* _AIM OF THE EXERCISE_
Please repeat the entries exactly as they appear and omit any images.

== DATA

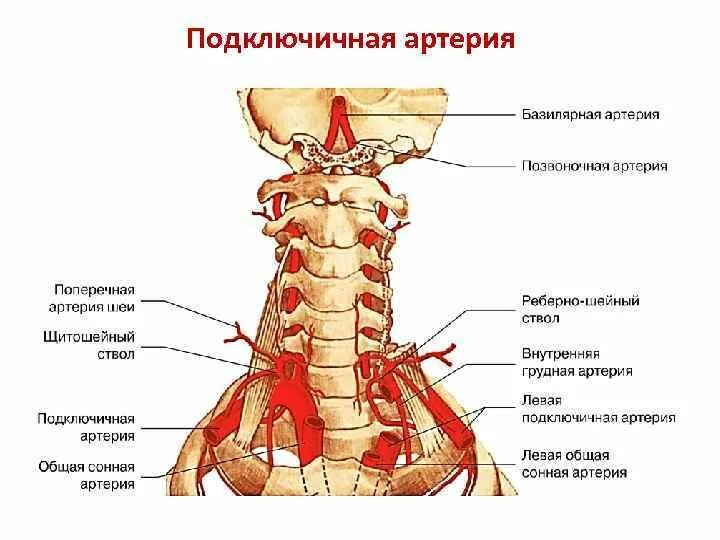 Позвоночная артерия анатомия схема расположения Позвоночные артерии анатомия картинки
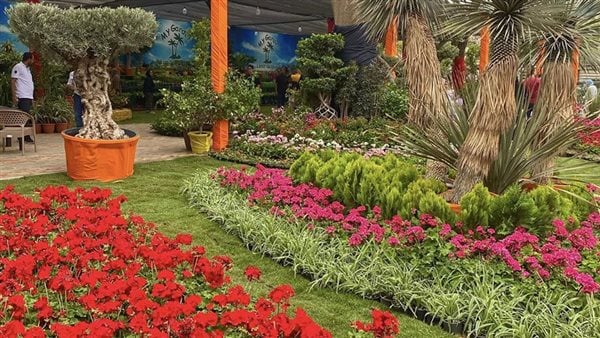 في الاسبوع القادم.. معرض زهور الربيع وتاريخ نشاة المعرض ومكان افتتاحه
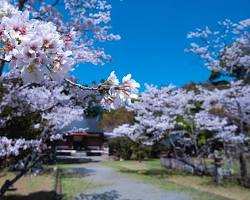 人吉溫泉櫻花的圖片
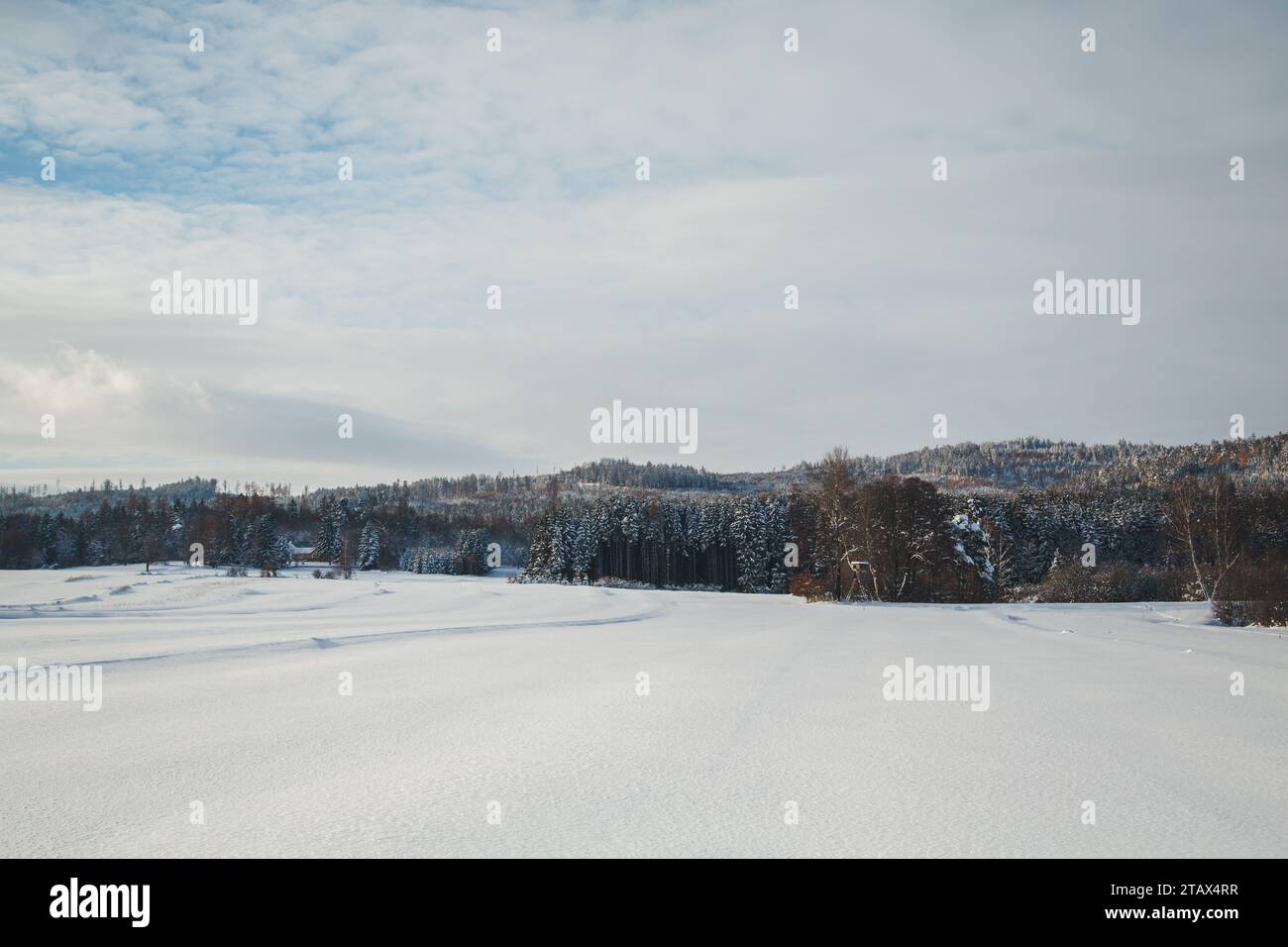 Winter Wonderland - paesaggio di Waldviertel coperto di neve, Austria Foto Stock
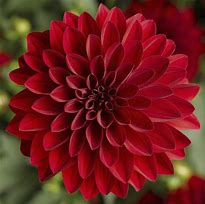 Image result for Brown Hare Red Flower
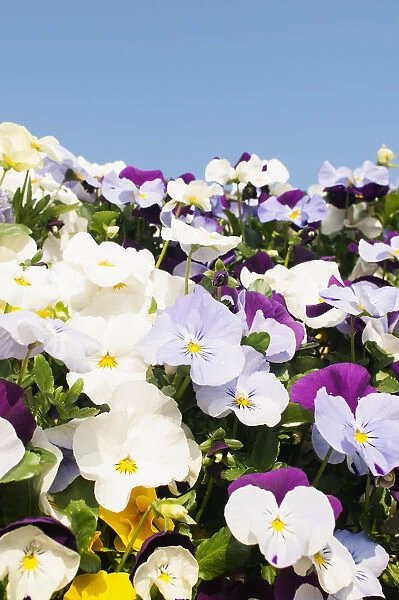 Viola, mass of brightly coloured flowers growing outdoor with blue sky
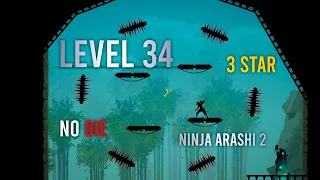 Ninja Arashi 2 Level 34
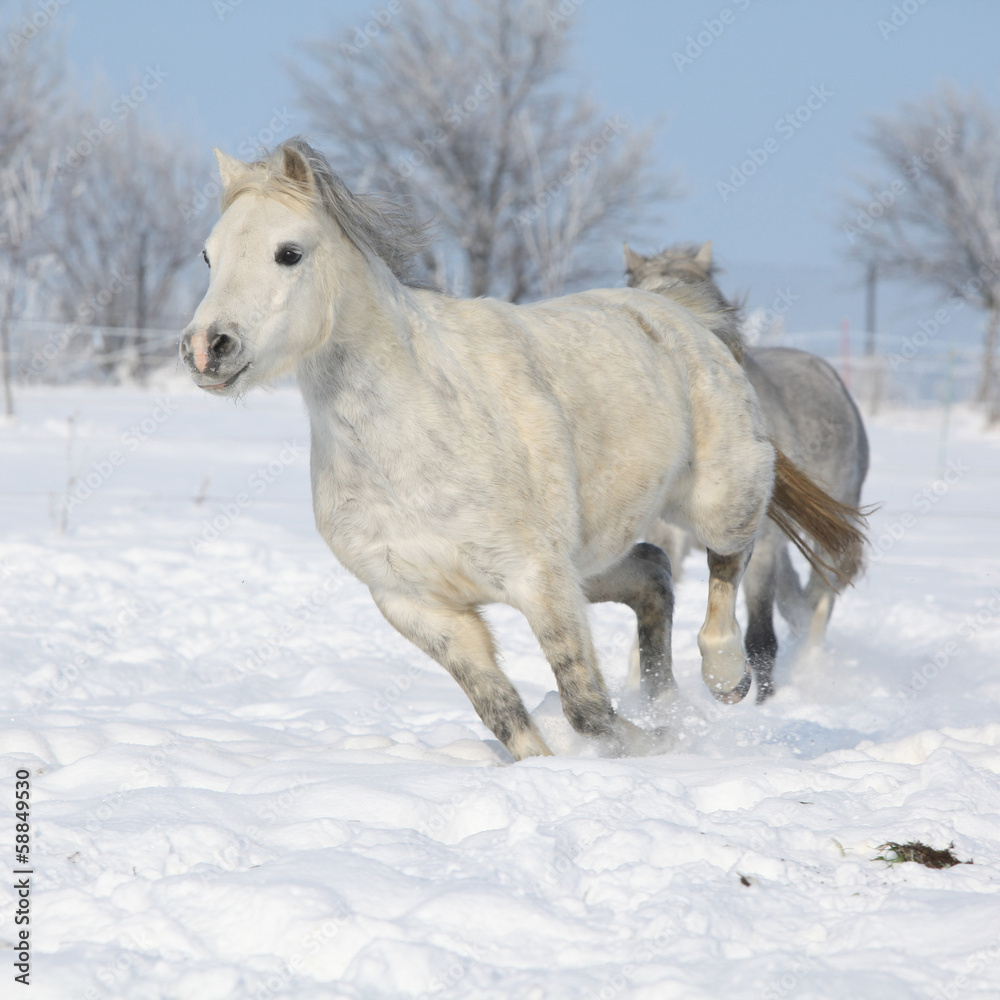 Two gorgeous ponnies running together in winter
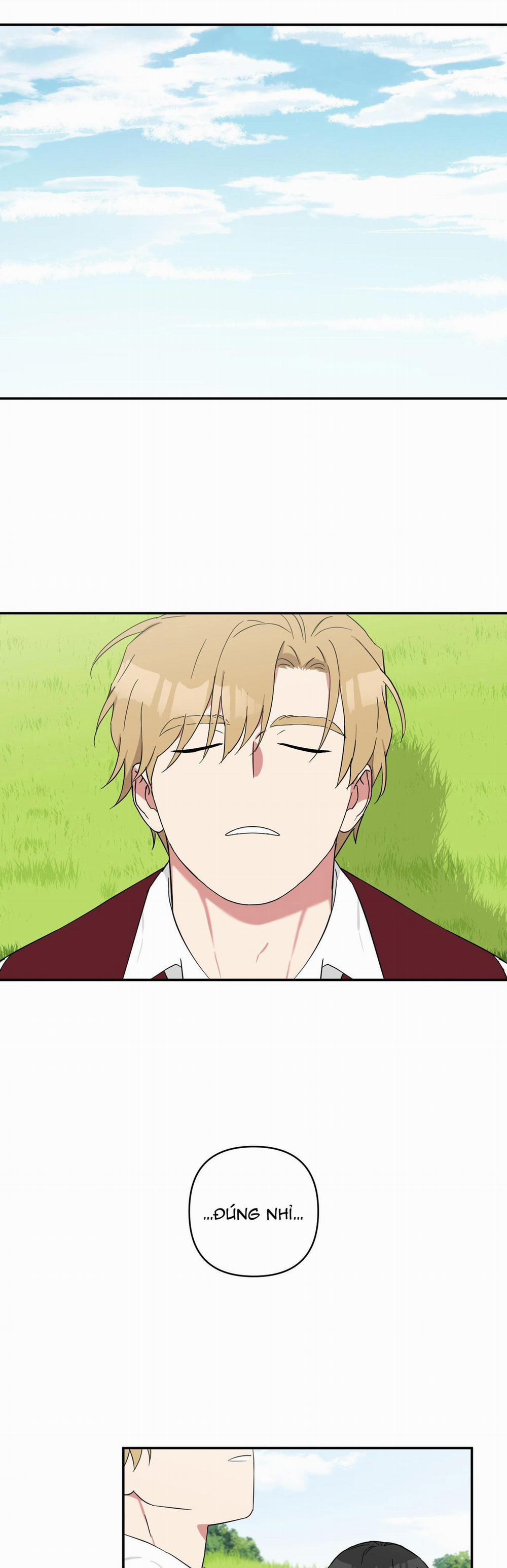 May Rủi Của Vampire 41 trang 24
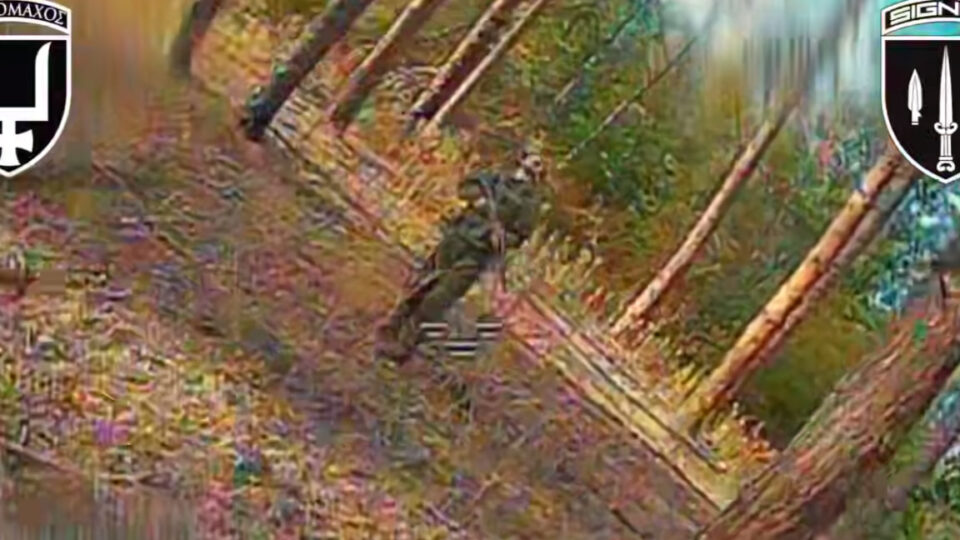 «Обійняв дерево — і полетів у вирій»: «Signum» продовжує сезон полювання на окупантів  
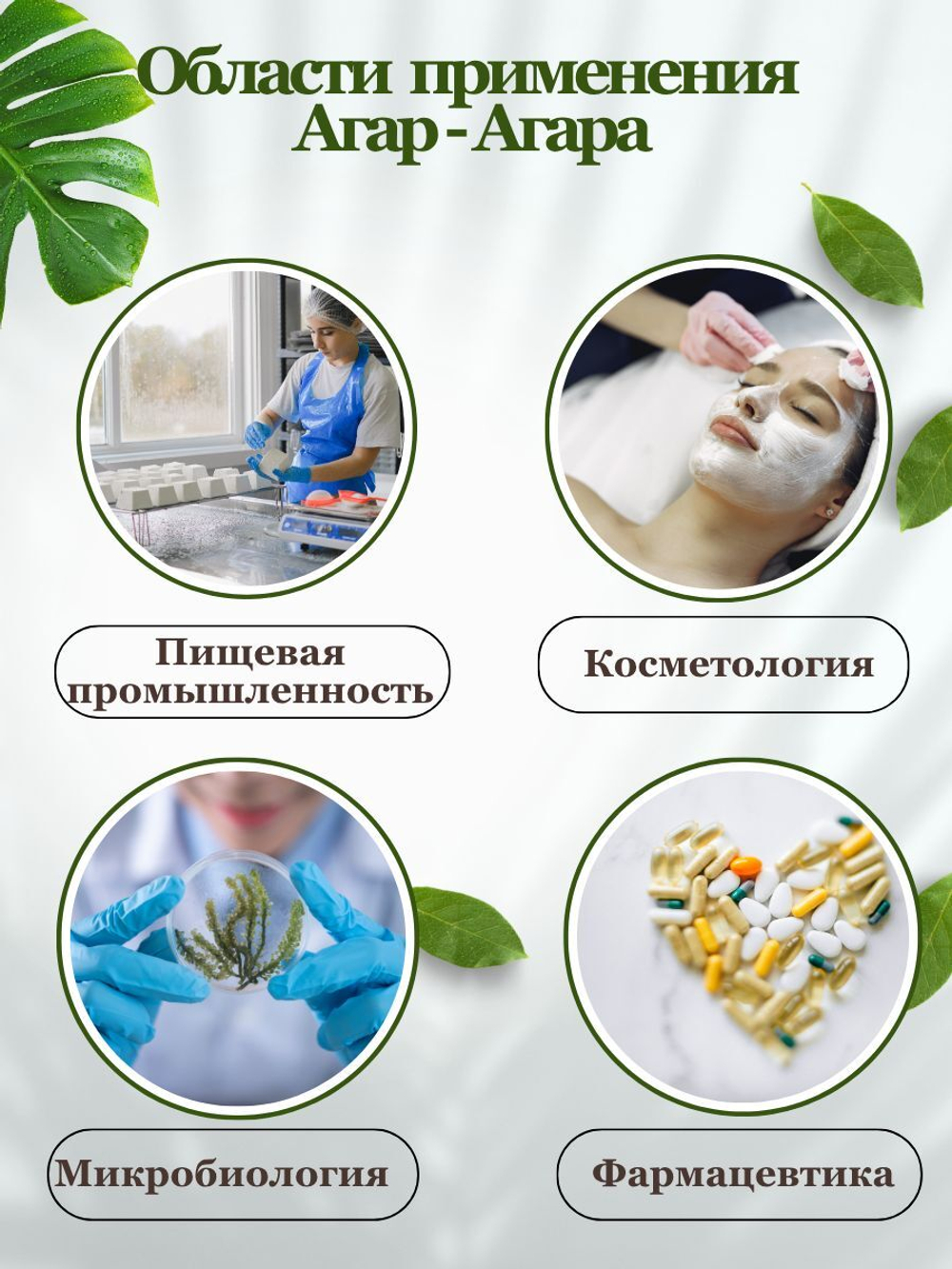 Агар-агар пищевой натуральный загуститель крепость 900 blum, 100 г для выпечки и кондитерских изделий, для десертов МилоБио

====

* _EXERCISE RESULT_
 Позвоночная артерия анатомия схема расположения Позвоночные артерии анатомия картинки
 في الاسبوع القادم.. معرض زهور الربيع وتاريخ نشاة المعرض ومكان افتتاحه
 人吉溫泉櫻花的圖片
 Winter Wonderland - paesaggio di Waldviertel coperto di neve, Austria Foto Stock
 Image result for Brown Hare Red Flower
 Viola, mass of brightly coloured flowers growing outdoor with blue sky
 Ninja Arashi 2 Level 34
 Two gorgeous ponnies running together in winter
 May Rủi Của Vampire 41 trang 24
 «Обійняв дерево — і полетів у вирій»: «Signum» продовжує сезон полювання на окупантів  
 Агар-агар пищевой натуральный загуститель крепость 900 blum, 100 г для выпечки и кондитерских изделий, для десертов МилоБио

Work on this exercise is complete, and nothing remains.